# A confusion about Church's simple theory of types and the Curry-Howard isomorphism

I am confused about Church's simply typed lambda calculus and the Curry-Howard isomorphism.

Church's simply typed lambda calculus in the paper cited above is given a classical proof theory, in that on p. 4 of the PDF above (p. 58 of the original article) we have the classical definitions of disjunction, conjunction and existential quantification.

Later authors (Henkin in Completeness in the Theory of Types and A Theory of Propositional Types) follow suit; section §4 of the latter article building up the connectives via $\top$ and $\bot$ with a classical disjunction (see 4.5 of section §4). Henkin's type theory is classical in its proof rules and its semantics.

However, the simply typed lambda calculus is usually taken to correspond syntactically via the Curry Howard isomorphism to intuitionistic propositional logic.

Given the classical behaviour, proof-theoretically, of Church's original simply typed lambda calculus in the above article, how is this correspondence achieved with intuitionistic logic? Do the simply typed lambda calculi of Henkin and Church correspond to the Intuitionistic propositional calculus? Can we have the simply typed lambda calculus with classical proof rules and a classical semantics corresponding to intuitionistic propositional logic.

What would the law of the excluded middle in the simply typed lambda calculus of the Church or Henkin variety described correspond to on the logic side of the Curry Howard isomorphism?
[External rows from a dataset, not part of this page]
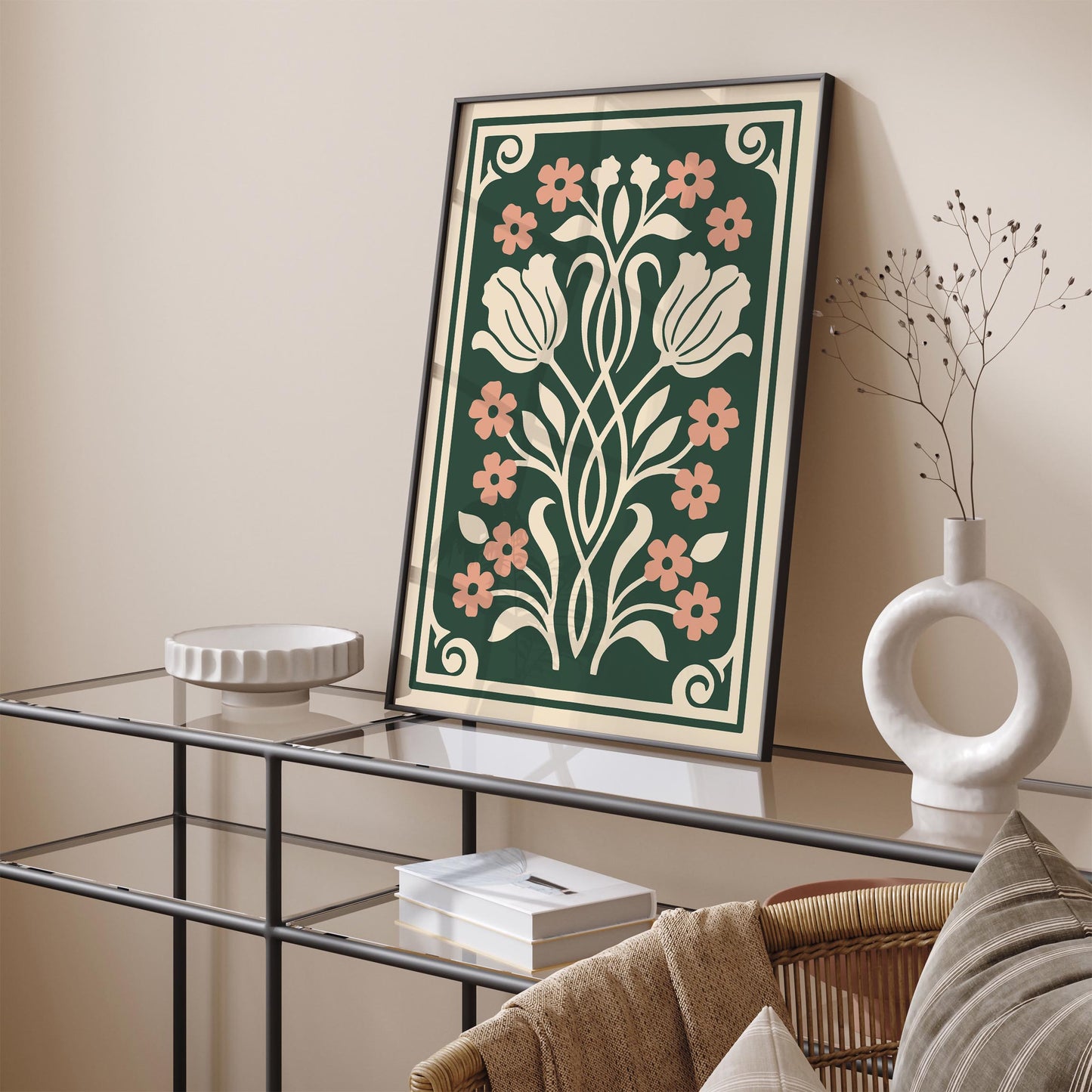 Art Nouveau Floral Wall Art Print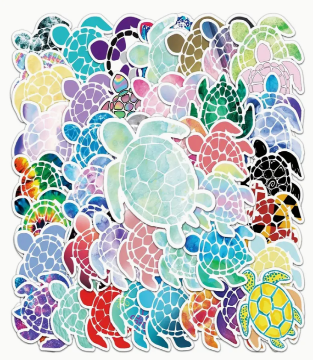 Turtle Pattern Waterproof Stickers (5pcs random)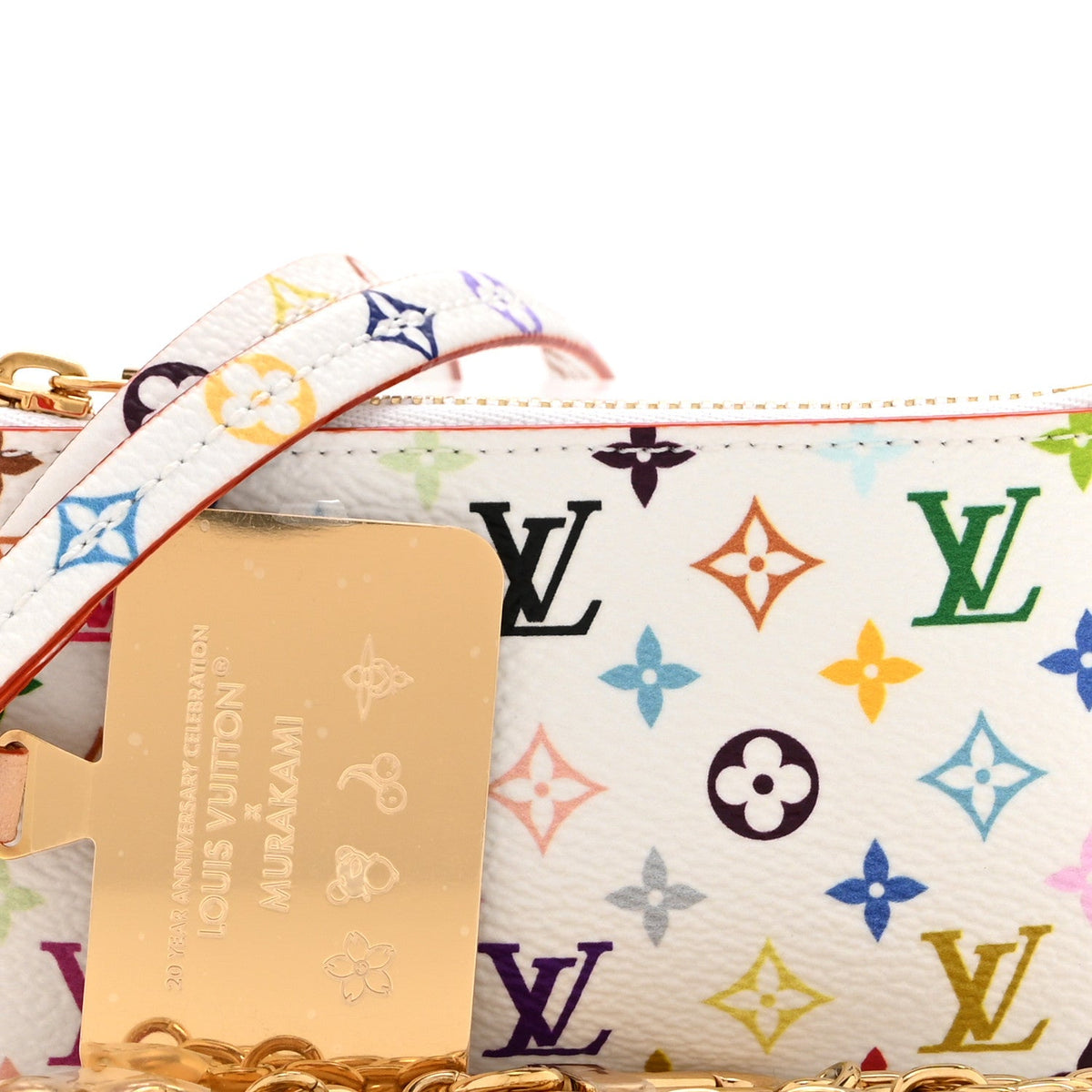 LV X TM Monogram Multicolor Phone Holder White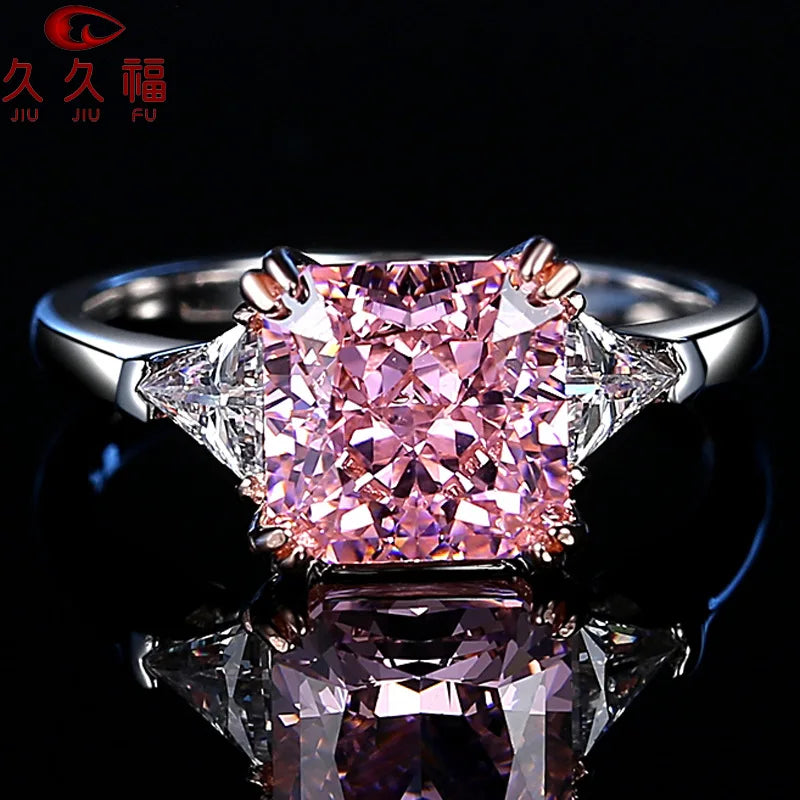 Fat Square Color Diamond Ring for Women, PT950 Platinum Inlaid 3 Carat Moissanite, suitable for daily wear and gift matching.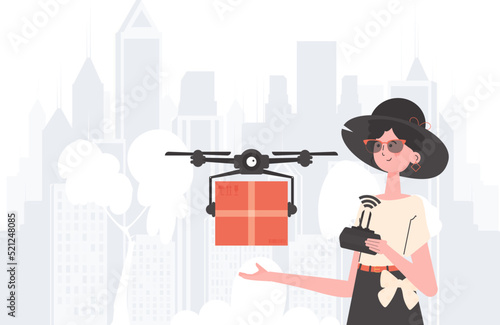 A woman controls a quadcopter with a parcel. The concept of cargo delivery by air. Vector.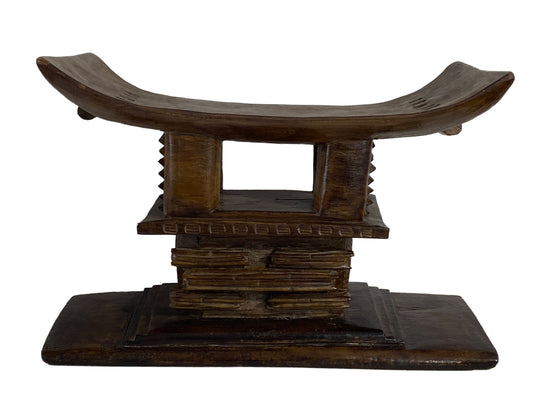 #4284 Superb and Rare Old Ashanti Carved Wood  Royal Stool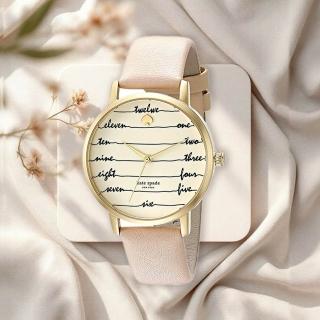 【KATE SPADE】日本機芯 日期視窗顯示 牛皮 女款 手錶(時尚簡約造型設計)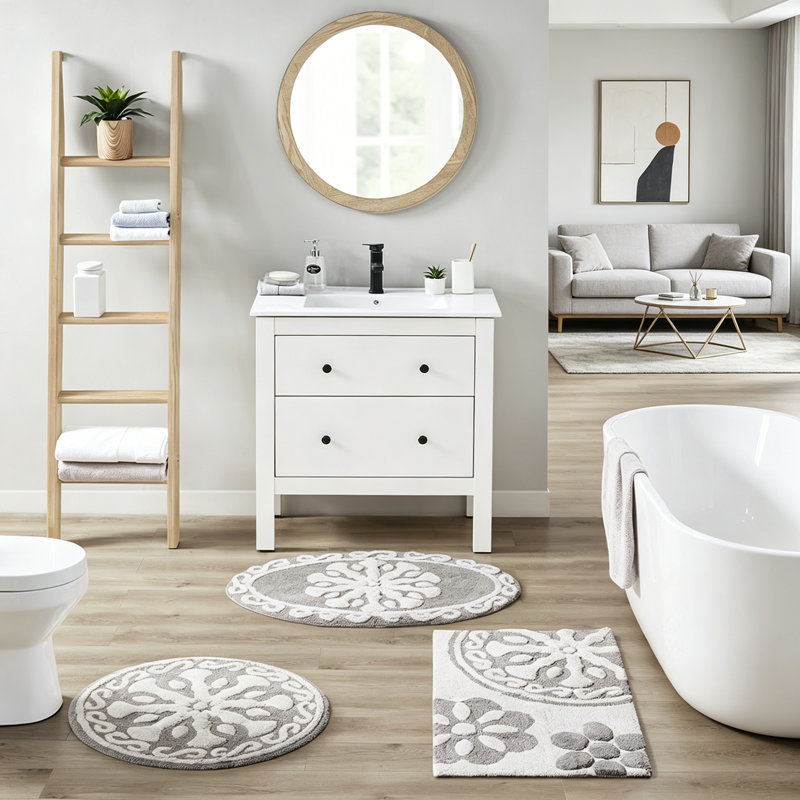 Medallion Cotton Tufted Bath Rug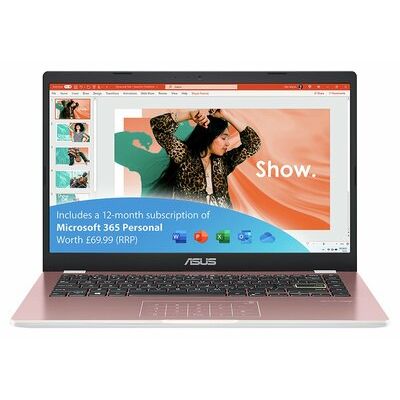 ASUS E410 14" 4GB 128GB Laptop - Pink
If someone could clarify where I am going wrong I would be very happy.

• Church's simple type theory, and the Type Theory that arises from the Curry Howard isomorphism are 2 completely different things. It is unfortunate that they share the same name. In Church's simple type theory, all theorems are typed lambda expressions. In C.H. type theory, all proofs are typed lambda expressions. – DanielV Mar 31 '18 at 16:52
• Can you give me a reference where this is discussed? As far as I was aware, Church's version of the simply typed lambda calculus does correspond to Intuitionistic propositional logic. What distinction are you drawing between the simply typed lambda calculus and Church's simple type theory? Where can I read about this? – user65526 Mar 31 '18 at 17:14
• @user65526 I don't know if I'd say they're 'completely different things' but certainly agree there's an important distinction Daniel is making. The 'intuitionistic propositions' on one end of the CH correspondence correspond to the types in the lambda calculus. The propositions of the embedded classical logic here, on the other hand, are terms of a particular type. What CH says here is that an inhabited type corresponds to a valid proposition. A classic example is the existence of the term Church calls $K_{\alpha\beta\alpha}$ means $A\to (B\to A)$ is an intuitionistically valid prop. – spaceisdarkgreen Mar 31 '18 at 18:14
• @user65526 In other words the intuisitionistic implicational logic and the classical logic are "completely different things" in that they play completely different roles here (and of course they also are completely different logics). But the CH correspondence does apply to Church's types here. But to add to what I said above, a proof of one of the valid intuititionistic propositions corresponds to a type inference on a term, not to one of the proofs done in the proof theory described – spaceisdarkgreen Mar 31 '18 at 18:23
• I'm not 100% crystal clear I understand. Could you please either give a full answer, or cite some relevant literature where this distinction is made? – user65526 Mar 31 '18 at 22:34

In the former view, we think of a type as representing a proposition and that proposition has a proof if and only if there is a lambda term of that type. This is the propositions-as-types/Curry-Howard perspective. We can prove that there is a one-to-one correspondence between the types, terms, and term reductions of the simply typed lambda calculus and the propositions, natural deduction proofs, and proof rewrites of the natural deduction presentation of minimal/intuitionistic propositional logic. $$\beta$$-reduction corresponds to local soundness, and $$\eta$$-expansion to local completeness.
In the latter view, used by e.g. the HOL family of theorem provers and described in The Seven Virtues of Simple Type Theory, the simply typed lambda terms are just terms in an equational logic. In this case, a proof is a proof in this logic which can be classical or intuitionistic or whatever. Typically it is classical and a Boolean type $$\mathbb B$$ is added with axioms to ensure that it has only two values, $$\mathsf{F}$$ and $$\mathsf{T}$$. We can then identify propositions with terms of type $$\mathbb B$$, and more generally, predicates with terms of type $$(\tau_1\to(\tau_2\to\cdots(\tau_n\to\mathbb B)\cdots))$$. Due to the use of higher-order terms (lambda terms), just a handful of rules and axioms for equality and Booleans produces a fairly powerful higher-order logic. See sections 2.3.1 and 2.4.3 of the HOL4 Logic manual for details of the deductive system in the case of HOL4 (which actually uses the polymorphic lambda calculus, not the simply typed lambda calculus as that is much more convenient). So in HOL4, the proofs would be deductions in this deductive system.